Some abortion-rights advocates have pointed to sexual education as playing a critical role in keeping young people informed, as restrictions on abortion access are increasing in some states. In Kansas, however, the content of sexual education courses may vary from district to district.
Mark Thompson, an Education Program Consultant for Health and Physical Education at the Kansas State Department of Education (KSDE), said that changes to sex-ed courses are made at the local level.
“You may find some districts that may operate from an abstinence-only perspective or an abstinence-plus … or others that operated from a more comprehensive sex education perspective,” Thompson told Kansas Capitol Bureau in an interview Monday. “The content of sex education is left to the local district. The state-level standards, which are based on the national standards, are left very broad.”
The State Board sets Model Curricular Standards for Health Education, which are updated every seven years. The current standards outlined in 2018 include relationships and sexual behaviors. However, the standards are recommendations, meaning that local school districts have the power to decide what to do with them. The curriculum is not required to be comprehensive, and it also doesn’t require students to participate.
According to Thompson, some districts may implement “opt-in” policies, which would require parental permission for their child to participate in a sexual education course. Other districts may have “opt-out” policies, which would allow parents to remove their child(ren) from those lessons.
It’s also not required to include instruction on topics like consent or pregnancy options, like abortion. Instead, the standards recommend “laws associated with sexual behaviors,” like consent, rape, assault, harassment or human trafficking.
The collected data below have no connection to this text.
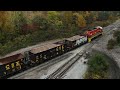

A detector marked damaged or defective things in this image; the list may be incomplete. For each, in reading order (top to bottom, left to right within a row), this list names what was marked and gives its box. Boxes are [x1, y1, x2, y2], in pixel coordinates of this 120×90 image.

rusty hopper car [0, 53, 24, 78]
rusty hopper car [26, 43, 65, 65]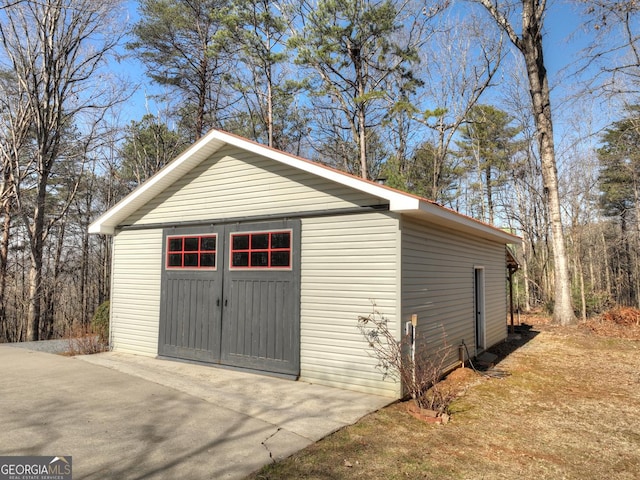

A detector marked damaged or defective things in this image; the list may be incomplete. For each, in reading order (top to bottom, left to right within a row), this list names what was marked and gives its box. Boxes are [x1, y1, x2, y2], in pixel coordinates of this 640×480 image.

crack in concrete [262, 428, 282, 462]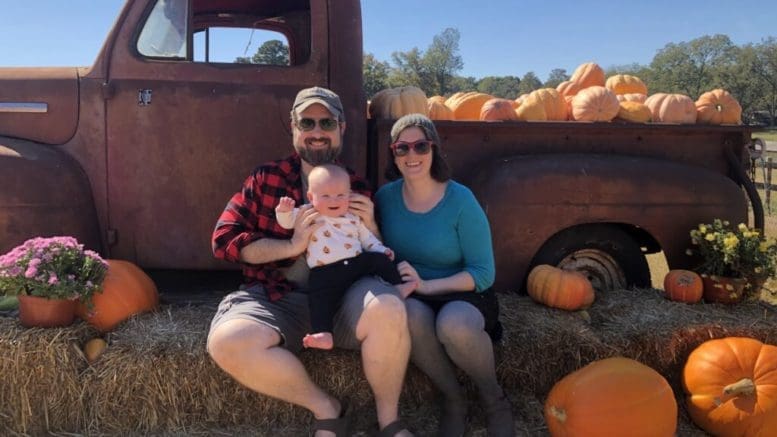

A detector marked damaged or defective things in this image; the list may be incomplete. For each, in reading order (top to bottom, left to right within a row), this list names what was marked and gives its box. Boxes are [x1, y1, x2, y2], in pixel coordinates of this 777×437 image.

rusty vintage truck [0, 0, 764, 294]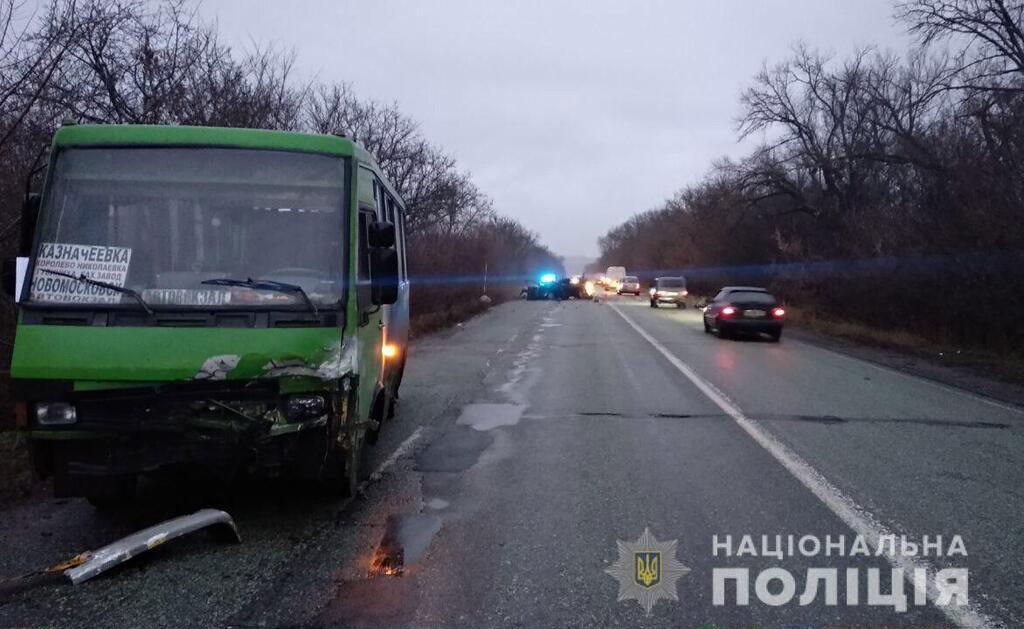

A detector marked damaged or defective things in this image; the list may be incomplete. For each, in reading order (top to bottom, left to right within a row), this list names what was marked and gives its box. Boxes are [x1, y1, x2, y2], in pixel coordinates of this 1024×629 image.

damaged bus front [9, 124, 407, 508]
Abortion is not currently regulated by lawmakers in Kansas. However, if the “Value Them Both” amendment is approved in August, that could change. Kansas Capitol Bureau asked education officials at KSDE whether sexual education standards in Kansas could change if state lawmakers were to ban abortion or make it illegal. Ann Bush, a spokeswoman for the department, replied in an email Monday, stating that the outcome is currently unknown.
That’s something we can’t answer at this point because the Kansas State Board of Education hasn’t addressed it yet.Ann Bush, Kansas State Department of Education
Even after the overturning of Roe v. Wade, as the state’s curricular standards are currently set, the specific content of sexual education classes will be left to school districts.
“You’ll see most of changes happen at the local level, based on local board decisions … ” Thompson said. “Are they facing pressure … what is the tenor of the community …”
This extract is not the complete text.